MATLAB: Unexpected results from ‘exp2’ least squares fit

fit exp2 exponential curve fitting

For most of my data this code works fine, but I am having a very poor fit for the following section of data. Does anyone know what I did wrong?
x = [1.7125 5.0430 9.1750 15.4250 22.7550 30.3800 40.4500 52.4150 63.9400 74.5300 89.5500 105.3000 119.8000 135.9000 153.4500 167.5000 185.4000 205.9000 223.9000 244.5000 267.7000 290.8500 317.6000 341.9500 367.9000 399.1000 432.7500 461.8000 493.4500 521.5000 555.6000 588.4500 617.5500 654.2000 688.9000 729.6000 772.2000 820.5000 862.5000]';
y = [3.7148 3.3178 2.7135 2.4753 2.2017 1.9689 1.6732 1.5649 0.6837 0.4081 0.3183 0.2845 -0.3022 -0.1981 -1.1470 -1.7174 -1.6783 -1.2277 -2.3289 -2.5576 -2.4626 -2.5281 -3.4626 -2.8697 -4.7081 -3.6971 -3.7245 -4.7752 -4.7768 -4.6965 -5.3429 -6.0585 -5.4439 -6.2222 -6.2646 -6.1612 -6.4458 -6.8387 -6.9563]';
scatter(x,y,5,[0 0 0],'fill');
hold on
f = fit(x,y,'exp2');
x2=linspace(min(x),max(x));
y2=f(x2);
plot(x2,y2,'color',[0 0 0],'linewidth',2);

Best Answer

Sums of exponential fits are difficult to solve. They are HIGHLY susceptible to starting value choices.

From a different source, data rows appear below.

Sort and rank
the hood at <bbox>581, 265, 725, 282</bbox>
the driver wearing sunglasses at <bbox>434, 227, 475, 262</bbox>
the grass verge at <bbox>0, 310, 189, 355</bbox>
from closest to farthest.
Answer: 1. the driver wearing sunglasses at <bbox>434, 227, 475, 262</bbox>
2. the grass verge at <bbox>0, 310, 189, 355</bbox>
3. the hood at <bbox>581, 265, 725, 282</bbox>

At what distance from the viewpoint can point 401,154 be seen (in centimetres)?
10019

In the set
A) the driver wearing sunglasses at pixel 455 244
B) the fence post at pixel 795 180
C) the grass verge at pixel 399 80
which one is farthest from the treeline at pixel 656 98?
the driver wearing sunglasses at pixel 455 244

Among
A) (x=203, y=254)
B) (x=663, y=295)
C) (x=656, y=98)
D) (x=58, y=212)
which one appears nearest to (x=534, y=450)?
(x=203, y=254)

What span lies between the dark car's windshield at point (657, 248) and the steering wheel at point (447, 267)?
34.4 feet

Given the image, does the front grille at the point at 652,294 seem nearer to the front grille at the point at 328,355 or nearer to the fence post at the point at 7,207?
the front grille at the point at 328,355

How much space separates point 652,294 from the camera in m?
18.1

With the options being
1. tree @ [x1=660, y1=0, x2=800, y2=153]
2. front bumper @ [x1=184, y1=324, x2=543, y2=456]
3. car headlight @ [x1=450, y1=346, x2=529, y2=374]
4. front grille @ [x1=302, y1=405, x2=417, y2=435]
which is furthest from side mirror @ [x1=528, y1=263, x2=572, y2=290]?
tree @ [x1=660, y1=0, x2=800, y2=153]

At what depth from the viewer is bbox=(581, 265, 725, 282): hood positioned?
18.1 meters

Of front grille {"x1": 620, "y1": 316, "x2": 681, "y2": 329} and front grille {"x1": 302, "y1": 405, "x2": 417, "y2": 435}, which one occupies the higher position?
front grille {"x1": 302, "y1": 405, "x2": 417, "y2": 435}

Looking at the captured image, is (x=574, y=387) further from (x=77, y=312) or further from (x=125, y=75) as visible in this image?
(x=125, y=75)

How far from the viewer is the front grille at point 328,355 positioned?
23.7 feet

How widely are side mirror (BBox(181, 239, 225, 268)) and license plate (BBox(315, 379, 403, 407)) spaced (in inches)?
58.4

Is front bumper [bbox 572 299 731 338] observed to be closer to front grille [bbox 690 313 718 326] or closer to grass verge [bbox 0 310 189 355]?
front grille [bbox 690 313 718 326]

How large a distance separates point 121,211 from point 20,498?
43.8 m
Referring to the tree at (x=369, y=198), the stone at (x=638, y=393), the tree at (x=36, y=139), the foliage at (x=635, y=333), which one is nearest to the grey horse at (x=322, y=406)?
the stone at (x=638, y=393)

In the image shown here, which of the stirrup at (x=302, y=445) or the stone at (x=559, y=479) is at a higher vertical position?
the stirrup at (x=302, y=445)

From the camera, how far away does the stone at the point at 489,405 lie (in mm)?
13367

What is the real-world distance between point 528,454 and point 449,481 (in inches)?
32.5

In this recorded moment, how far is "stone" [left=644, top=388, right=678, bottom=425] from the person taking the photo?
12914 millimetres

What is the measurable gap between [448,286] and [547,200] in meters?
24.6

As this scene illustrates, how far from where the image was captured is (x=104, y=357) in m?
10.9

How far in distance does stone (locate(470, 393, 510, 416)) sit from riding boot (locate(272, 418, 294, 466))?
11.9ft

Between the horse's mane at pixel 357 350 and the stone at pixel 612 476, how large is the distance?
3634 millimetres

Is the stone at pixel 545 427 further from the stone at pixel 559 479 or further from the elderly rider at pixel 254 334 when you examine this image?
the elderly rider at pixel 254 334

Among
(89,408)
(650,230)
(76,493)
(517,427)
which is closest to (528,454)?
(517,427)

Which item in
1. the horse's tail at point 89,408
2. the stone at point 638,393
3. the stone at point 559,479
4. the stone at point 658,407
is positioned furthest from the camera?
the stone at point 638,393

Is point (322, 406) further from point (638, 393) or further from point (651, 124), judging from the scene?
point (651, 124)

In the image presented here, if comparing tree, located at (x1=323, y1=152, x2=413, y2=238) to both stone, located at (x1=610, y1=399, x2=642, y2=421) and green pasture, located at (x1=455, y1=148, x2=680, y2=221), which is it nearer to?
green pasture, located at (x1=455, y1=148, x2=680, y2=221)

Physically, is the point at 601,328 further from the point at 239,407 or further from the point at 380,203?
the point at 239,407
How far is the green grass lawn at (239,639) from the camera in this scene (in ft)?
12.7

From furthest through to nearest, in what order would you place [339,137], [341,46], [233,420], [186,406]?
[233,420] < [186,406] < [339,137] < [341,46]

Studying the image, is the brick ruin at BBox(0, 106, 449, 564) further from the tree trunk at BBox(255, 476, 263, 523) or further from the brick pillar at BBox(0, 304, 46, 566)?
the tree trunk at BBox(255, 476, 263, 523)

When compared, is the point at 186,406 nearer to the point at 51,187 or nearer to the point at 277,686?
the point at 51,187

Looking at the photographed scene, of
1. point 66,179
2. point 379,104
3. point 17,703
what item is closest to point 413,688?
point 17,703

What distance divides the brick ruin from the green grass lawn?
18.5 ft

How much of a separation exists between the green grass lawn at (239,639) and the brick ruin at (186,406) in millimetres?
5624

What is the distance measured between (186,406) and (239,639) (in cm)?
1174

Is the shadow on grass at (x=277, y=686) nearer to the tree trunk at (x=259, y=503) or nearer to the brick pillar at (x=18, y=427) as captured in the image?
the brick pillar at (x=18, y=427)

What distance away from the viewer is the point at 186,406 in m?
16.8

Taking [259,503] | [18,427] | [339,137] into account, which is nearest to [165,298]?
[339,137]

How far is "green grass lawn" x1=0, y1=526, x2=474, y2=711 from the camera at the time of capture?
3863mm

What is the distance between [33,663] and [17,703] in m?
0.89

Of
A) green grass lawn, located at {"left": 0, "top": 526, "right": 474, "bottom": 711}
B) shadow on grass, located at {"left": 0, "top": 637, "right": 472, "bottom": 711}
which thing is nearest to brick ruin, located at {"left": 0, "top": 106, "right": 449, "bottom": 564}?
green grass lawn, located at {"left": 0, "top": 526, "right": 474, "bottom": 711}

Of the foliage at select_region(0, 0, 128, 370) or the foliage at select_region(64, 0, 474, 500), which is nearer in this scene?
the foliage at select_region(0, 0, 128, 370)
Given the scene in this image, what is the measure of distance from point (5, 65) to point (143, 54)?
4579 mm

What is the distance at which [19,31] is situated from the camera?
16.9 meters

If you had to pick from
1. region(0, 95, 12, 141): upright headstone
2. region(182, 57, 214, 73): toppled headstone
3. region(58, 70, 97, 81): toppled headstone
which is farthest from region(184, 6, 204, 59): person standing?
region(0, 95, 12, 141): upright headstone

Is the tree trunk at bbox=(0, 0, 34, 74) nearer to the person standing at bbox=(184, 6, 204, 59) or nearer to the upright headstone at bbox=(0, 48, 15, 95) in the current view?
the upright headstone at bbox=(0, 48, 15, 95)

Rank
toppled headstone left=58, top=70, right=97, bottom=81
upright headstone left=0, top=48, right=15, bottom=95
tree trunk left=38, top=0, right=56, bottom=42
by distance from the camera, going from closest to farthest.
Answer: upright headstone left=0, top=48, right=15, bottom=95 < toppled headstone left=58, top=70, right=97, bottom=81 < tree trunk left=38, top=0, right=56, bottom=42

1. When you start with the wrong starting values, then expect crap.
2. Fit by default starts from some very arbitrary starting values. So what should you expect, at least some of the time? (See 1.)

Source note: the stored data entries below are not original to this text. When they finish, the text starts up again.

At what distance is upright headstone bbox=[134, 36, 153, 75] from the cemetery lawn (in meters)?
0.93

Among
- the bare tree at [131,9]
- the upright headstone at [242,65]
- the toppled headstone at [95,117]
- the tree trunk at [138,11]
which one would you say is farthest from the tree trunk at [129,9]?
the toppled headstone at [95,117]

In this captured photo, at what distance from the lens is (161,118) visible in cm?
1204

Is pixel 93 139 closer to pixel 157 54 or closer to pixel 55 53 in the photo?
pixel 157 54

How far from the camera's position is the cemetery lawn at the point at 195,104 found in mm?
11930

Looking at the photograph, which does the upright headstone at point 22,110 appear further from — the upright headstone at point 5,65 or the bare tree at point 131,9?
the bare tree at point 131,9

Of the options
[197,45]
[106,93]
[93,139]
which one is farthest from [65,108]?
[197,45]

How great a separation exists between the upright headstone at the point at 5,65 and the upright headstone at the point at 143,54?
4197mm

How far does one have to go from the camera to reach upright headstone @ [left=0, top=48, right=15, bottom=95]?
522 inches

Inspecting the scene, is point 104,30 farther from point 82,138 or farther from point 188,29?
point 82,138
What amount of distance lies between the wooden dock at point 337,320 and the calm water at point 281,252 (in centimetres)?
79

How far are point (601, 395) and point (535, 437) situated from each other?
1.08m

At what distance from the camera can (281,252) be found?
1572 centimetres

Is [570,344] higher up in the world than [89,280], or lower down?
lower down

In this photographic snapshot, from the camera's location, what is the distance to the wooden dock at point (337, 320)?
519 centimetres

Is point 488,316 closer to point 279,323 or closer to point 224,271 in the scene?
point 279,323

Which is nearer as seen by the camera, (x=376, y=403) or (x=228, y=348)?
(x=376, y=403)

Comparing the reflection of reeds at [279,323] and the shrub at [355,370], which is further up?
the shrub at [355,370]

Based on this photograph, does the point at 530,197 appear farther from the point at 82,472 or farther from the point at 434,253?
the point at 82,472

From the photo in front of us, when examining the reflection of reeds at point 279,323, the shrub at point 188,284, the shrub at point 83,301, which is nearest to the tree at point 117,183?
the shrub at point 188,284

A better scheme to estimate that nonlinear model is to use my fminspleas . It is on the file exchange. Follow the link.
mdlterms = {@(coef,X) exp(-coef(1)*X), @(coef,X) exp(-coef(2)*X)};
format long g
[nlcoef,lincoef] = fminspleas(mdlterms,[0.001,0.002],x,y)
nlcoef =
-0.000869991132855897 0.00532565665197467
lincoef =
-3.4116826458322
6.61061671877021
Fminspleas survives here because it uses a completely different scheme to estimate the linear versus nonlinear coefficients in the model. It reduces the nonlinear search space.

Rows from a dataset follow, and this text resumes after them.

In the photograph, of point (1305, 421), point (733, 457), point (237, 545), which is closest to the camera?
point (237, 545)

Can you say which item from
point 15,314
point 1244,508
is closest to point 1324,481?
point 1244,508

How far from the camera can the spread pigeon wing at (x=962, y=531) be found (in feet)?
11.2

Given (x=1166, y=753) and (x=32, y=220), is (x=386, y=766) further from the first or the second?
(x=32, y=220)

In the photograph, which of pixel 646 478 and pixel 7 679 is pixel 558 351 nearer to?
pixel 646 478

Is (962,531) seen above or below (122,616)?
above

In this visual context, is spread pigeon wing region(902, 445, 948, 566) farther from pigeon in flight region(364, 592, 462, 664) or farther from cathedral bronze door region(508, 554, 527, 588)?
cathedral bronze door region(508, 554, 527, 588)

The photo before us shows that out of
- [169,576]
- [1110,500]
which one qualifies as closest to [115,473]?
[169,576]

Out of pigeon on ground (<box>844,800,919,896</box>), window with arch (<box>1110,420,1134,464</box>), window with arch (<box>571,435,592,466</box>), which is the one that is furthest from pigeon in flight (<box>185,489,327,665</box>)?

yhat = lincoef(1)*exp(-nlcoef(1)*x) + lincoef(2)*exp(-nlcoef(2)*x);
plot(x,y,'ro',x,yhat,'b-')
To be honest, I really don't like the choice of model here at all. What did I say above? They are difficult to fit. But worse, look at the coefficients!!!!!!!!! Look at them carefully!
One of the nonlinear rate coefficients is positive, the other negative. So if we tried to extrapolate this model, see what happens.
xextrap = linspace(-150,3000,500);
yextrap = lincoef(1)*exp(-nlcoef(1)*xextrap) + lincoef(2)*exp(-nlcoef(2)*xextrap);
plot(x,y,'ro',xextrap,yextrap,'b-')
So, the question is, do rate coefficients of completely different sign make ANY sense in context of why you chose that model? Be honest. Why did you choose that model in the first place? If your only reason was because you thought it might have the right shape, that is a bad reason.
An alternative model is just to use a spline fit. Using my SLM toolbox (also on the file exchange)
slm = slmengine(x,y,'decreasing','on','concaveup','on','plot','on');
The fit looks at least as good a fit as the sum of exponentials.